Until the Moto G went on sale, Motorola had effectively ignored the UK and Europe. While it had a strong following when the Razr was popular, when it came to smartphones, Motorola preferred to concentrate on other markets. Early Droid phones went on sale months after the U.S. launch, and eventually, Motorola stopped bothering at all. Therefore, the Moto G faced a huge challenge. Re-introduce an effectively dead brand into an overflowing market.
According to Kantar’s Strategic Insight Director, Dominic Sunnebo, the Internet was instrumental in bringing the Moto G to buyer’s attention. He said 40 percent of British consumers turned to online reviews before deciding which phone to buy. It’s no coincidence that almost half of all Moto G sales were made online. He also breaks down the profile of the typical Moto G buyer. Half of all owners are aged between 16 and 24, while a massive 83 percent are male. Given their ages, and the cost of the phone, it’s no surprise to see 40 percent of owners earn less than £20,000 (almost $33,300) per year.
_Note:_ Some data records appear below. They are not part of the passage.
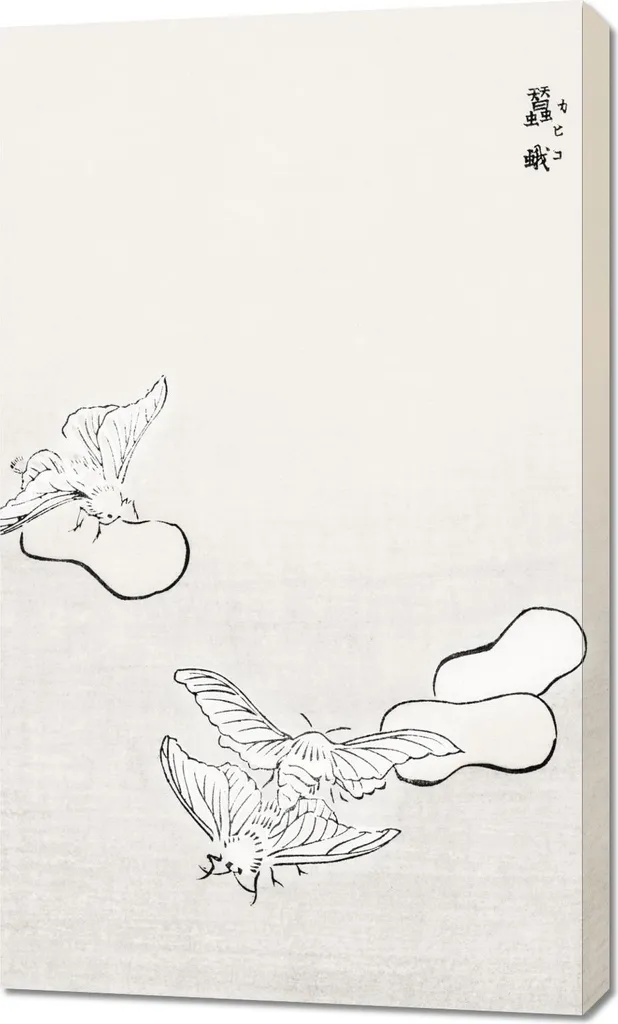 Tableau 60x100 cm Papillons de nuit pour Salon au Style Japonais Chic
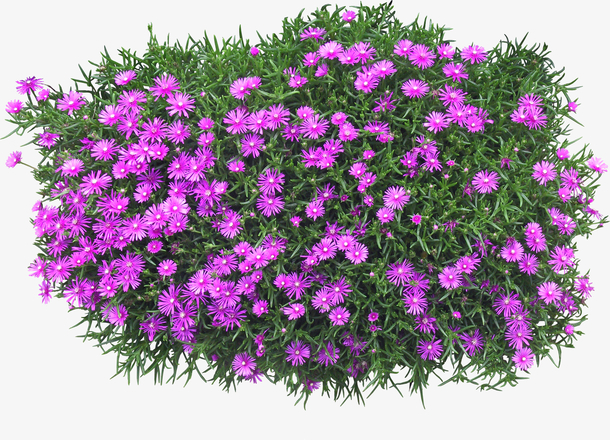 景观植物紫菊花灌木球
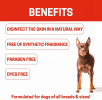 All-Natural Dog Shampoo (5 Treatment Options Available)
Sunnebo adds the Moto G’s success “highlights the speed at which a quality budget phone can disrupt a market,” and concludes the phone has “stolen significant numbers of low-mid end customers from Samsung and Nokia.” The latter will certainly be hoping to see a similar reaction to its new, Android-based Nokia X devices, following their release.
Android still number one OS according to Kantar
While Motorola is the real story inside Kantar’s latest research, it has also published its smartphone OS market share stats. Correct at the end of February, in the U.S. Android holds 55 percent of the market, up nearly 4 percent over last year. Apple has fallen nearly 5 percent in the same time, down to 38 percent. Microsoft’s Windows Phone OS is now at 5 percent, up a single percentage point over 2013, while BlackBerry has a mere 0.6 percent.
It’s worth looking at the UK’s figures too. Windows Phone has gained nearly 4 percent in the last year, and is now up to just over 10 percent of the market, and it has clearly stolen some of this from Android, which has fallen 4.3 percent to 54 percent total. Apple’s iOS is in a clear second place with 32 percent market share. Finally, Japan remains the only country where iOS trumps Android, with Apple’s OS commanding a 54.9 percent share over Google’s 44 percent.